If you find yourself being unsure and can’t decide if it’s the right time to opt for a home loan balance transfer, the following points can be of help:
Lower interest rates
If a bank offers a loan with a cheaper interest rate, you may want to save money by transferring it to that particular institution. However, you should note that interest rates depend on several factors and may fluctuate from time to time. The total money you save in EMIs also depends on other factors like loan tenure and unpaid principal amount.
Long loan tenure
It is a good idea to opt for a home loan bank transfer if the outstanding loan tenure is too long. Conversely, if the loan tenure is about to end, it hardly makes any sense to go for a transfer. This is because you might spend more money on additional charges than you save by switching the loan to the new lender.
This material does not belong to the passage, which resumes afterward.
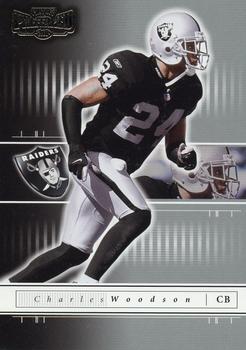 2001 Playoff Preferred #41 Charles Woodson Front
If you notice that your current lender is not offering services that are satisfactory, it might be a good time for you to transfer your home loan to a different bank. However, do analyze the overall costs and go through the terms carefully. Make sure you negotiate and settle for the lowest interest rate.
You can apply for home loan balance transfer if you meet the following criteria:
- The property for which you availed the loan should either be already occupied or just about to be occupied.
- There should be no outstanding dues on your existing home loan.
Financial institutions also have Home loan balance transfer calculator to help you with the same. It lets you calculate your total monthly savings if you shift your existing loan from one bank to another.